[EXTRACTED ENTRIES — start]

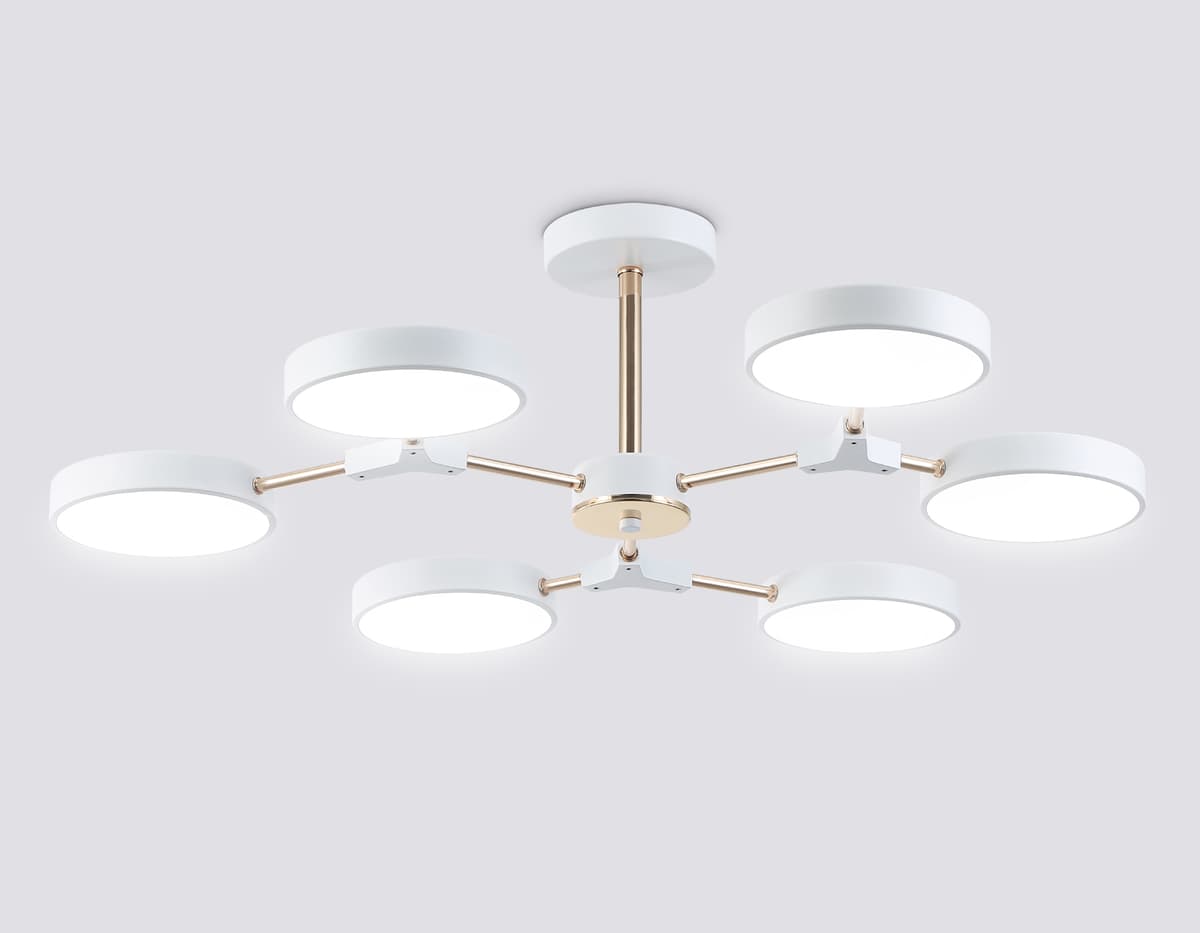 Люстра светодиодная на штанге FL516333/6 WH/FGD белый/золото 108W 3000-6000K D780*210 (без ПДУ) Ambrella Light 11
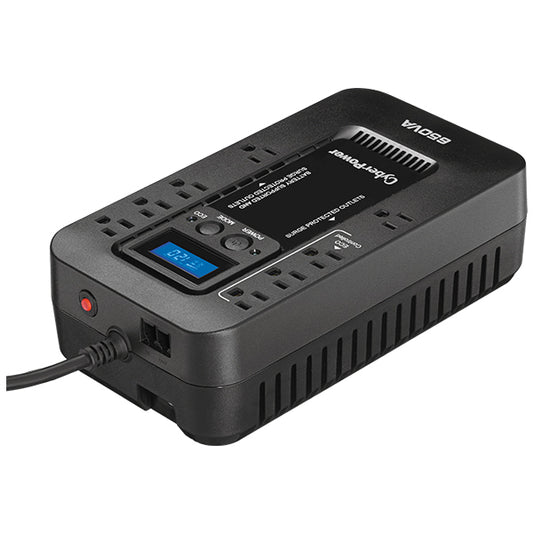 UPS CyberPower EC650LCD standby, 650 VA / 390 W, 8 salidas NEMA 5-15R, pantalla LCD, negro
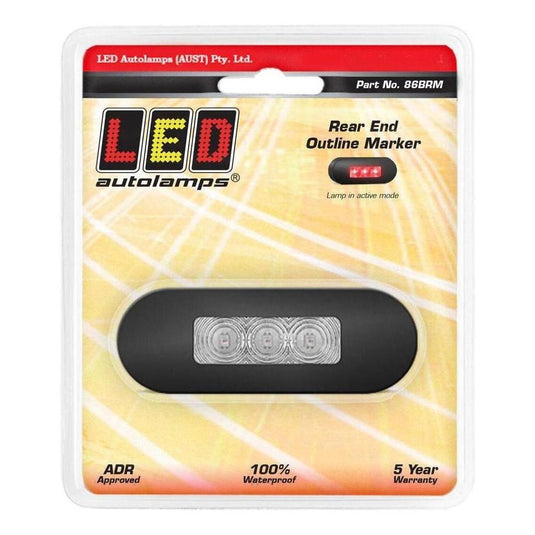 LED Autolamp 12V/24V Red Rear Marker Clear Lense & Black Bezel 86x31x10mm Blister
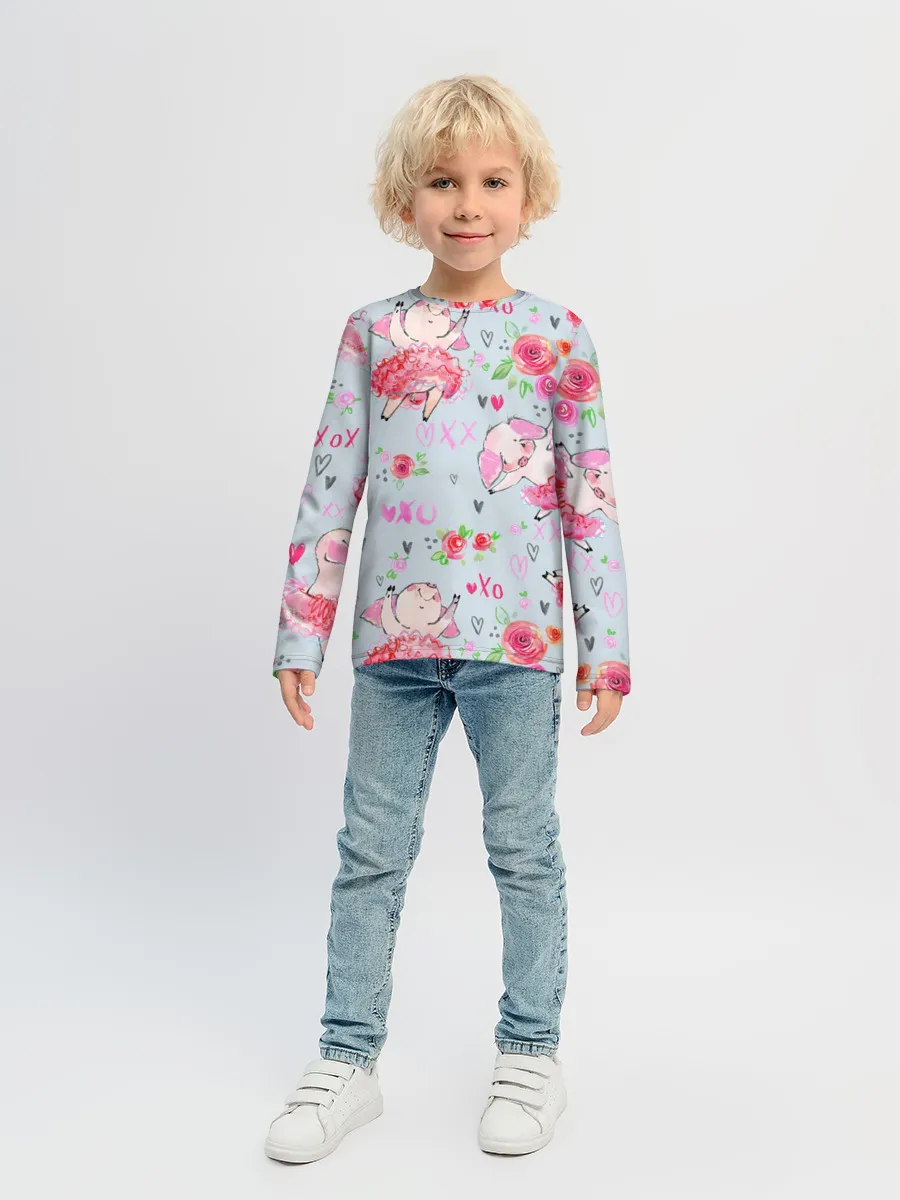 Детский лонгслив / Свинки-балеринки
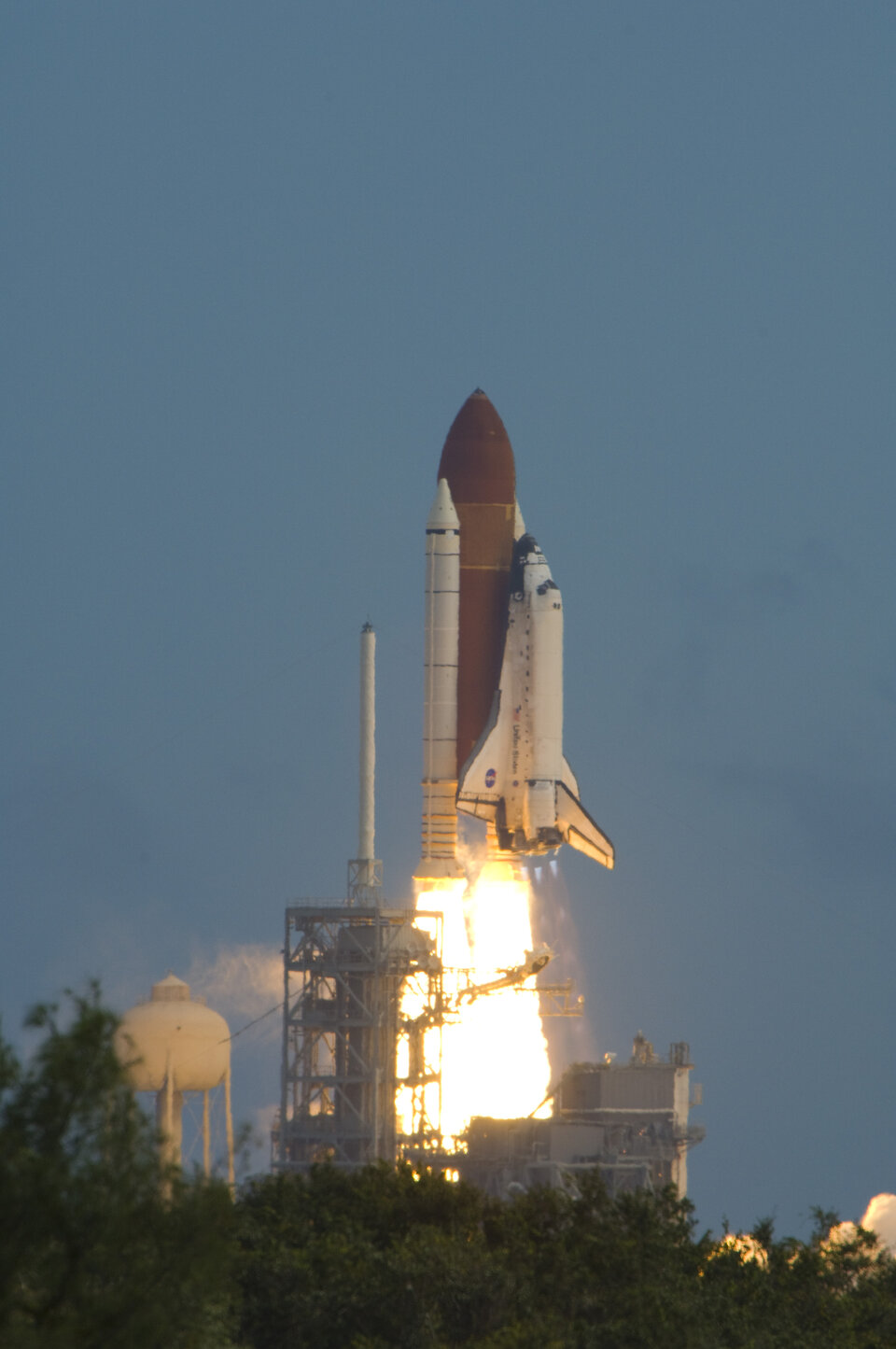 Lift off! Poalo flew on the Space Shuttle Discovery on his first mission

[EXTRACTED ENTRIES — finish]

## PROBLEM DESCRIPTION
Which lines run from the one containing "UPS CyberPower EC650LCD" through the last line of the entries above? Output them exactly, both ends included, with no pictures.

## RESULT
 UPS CyberPower EC650LCD standby, 650 VA / 390 W, 8 salidas NEMA 5-15R, pantalla LCD, negro
 LED Autolamp 12V/24V Red Rear Marker Clear Lense & Black Bezel 86x31x10mm Blister
 Детский лонгслив / Свинки-балеринки
 Lift off! Poalo flew on the Space Shuttle Discovery on his first mission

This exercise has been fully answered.